Migration Guide: datasets.lock.yaml (v1.7)

Starting in v1.7, sunstone-py separates datasets.yaml into two files:

File Who writes it Committed?
datasets.yaml You Yes — human-authored, kept clean
datasets.lock.yaml sunstone-py Yes — auto-generated, marked linguist-generated

Why? Inline lineage: blocks in datasets.yaml made diffs noisy and created merge conflicts.
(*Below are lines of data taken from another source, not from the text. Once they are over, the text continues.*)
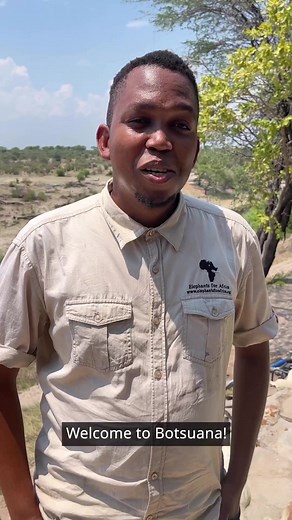 4K views · 61 reactions | Botswana - Africa straight out of a picture book: hippos, elephants, the Victoria Falls and the Okavango Delta. But watch out, if you plan on surviving a safari there, you need to follow a few safety rules! | DW Travel | Facebook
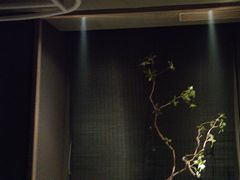 -臻品足道(佛祖岭店)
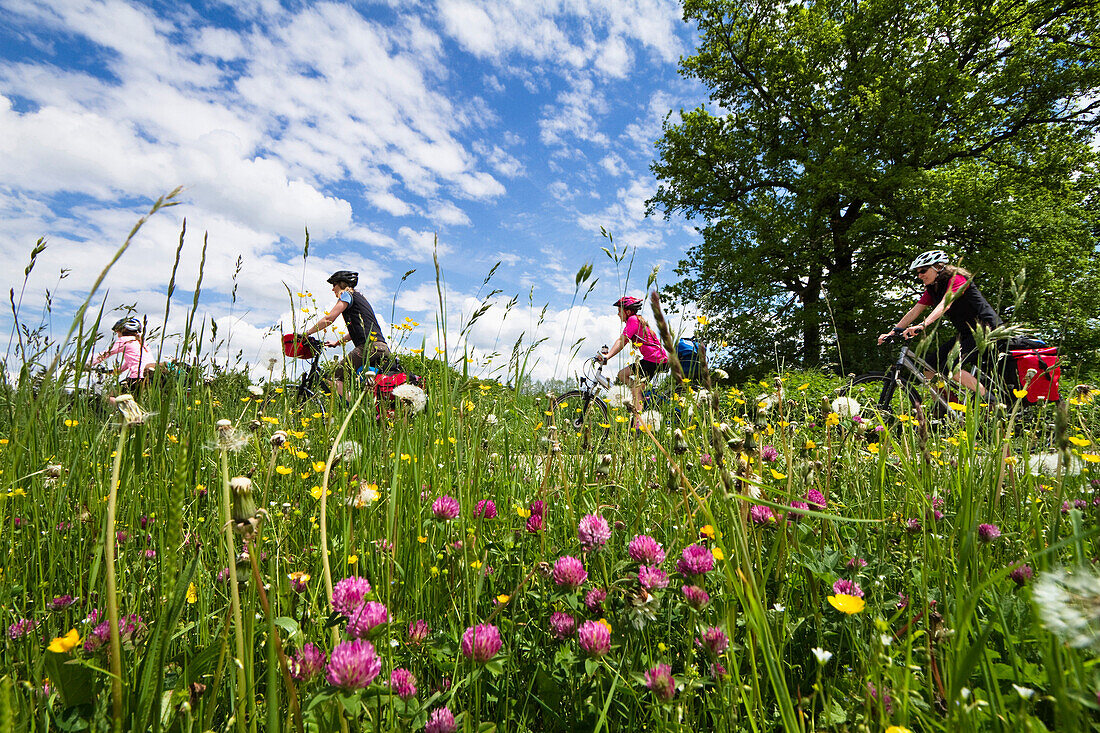 Fahrradtour, Isarradweg, Königsdorf, Oberbayern, Deutschland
The lock file holds all auto-generated provenance data (content hashes, timestamps, source references, field derivations) while datasets.yaml stays readable.


Step 1: Run the migration command

From your project directory (where datasets.yaml lives):

sunstone dataset migrate

This command:

  1. Finds all output datasets with inline lineage: blocks
  2. Moves them to datasets.lock.yaml
  3. Removes the lineage: blocks from datasets.yaml
  4. Creates or updates .gitattributes to mark datasets.lock.yaml as linguist-generated

Example output:

Migrated lineage for 3 output(s): processed-feed, slaughter-processed, biomass-processed
Updated .gitattributes

If there is nothing to migrate:

No inline lineage found — nothing to migrate.

Step 2: Commit both files

git add datasets.yaml datasets.lock.yaml .gitattributes
git commit -m "chore: migrate lineage to datasets.lock.yaml"

Step 3: Update any CI that uses sunstone dataset lock/unlock

The old commands have been renamed:

Old command New command
sunstone dataset lock sunstone dataset strict
sunstone dataset unlock sunstone dataset unstrict

The old names are removed in v1.7 — update your scripts and CI workflows accordingly.


Optional: Resolve and verify the lock file

After migrating, you can regenerate content hashes for all inputs and outputs:

sunstone dataset resolve

To verify the lock file is up to date in CI (exits non-zero if stale):

sunstone dataset resolve --check

What the lock file looks like

datasets.lock.yaml is a flat list of inputs and outputs keyed by slug. Example:

outputs:
  - slug: processed-feed
    content_hash: 3a4ddda929a907888d69182b9ce36d29e3eb5214b4c6b8533cca57e025386e8e
    created_at: '2026-03-25T19:52:56.782962'
    sources:
      - slug: feed-consumption-raw
    context:
      script_path: /path/to/project/.venv/bin/project
inputs:
  - slug: feed-consumption-raw
    content_hash: sha256:abc123...

You do not need to edit this file manually — sunstone-py maintains it automatically when you write datasets.


Deprecation notice

Inline lineage: blocks in datasets.yaml are deprecated as of v1.7 and will be removed in a future major version. sunstone-py will warn at load time if it detects inline lineage — run sunstone dataset migrate to resolve the warning.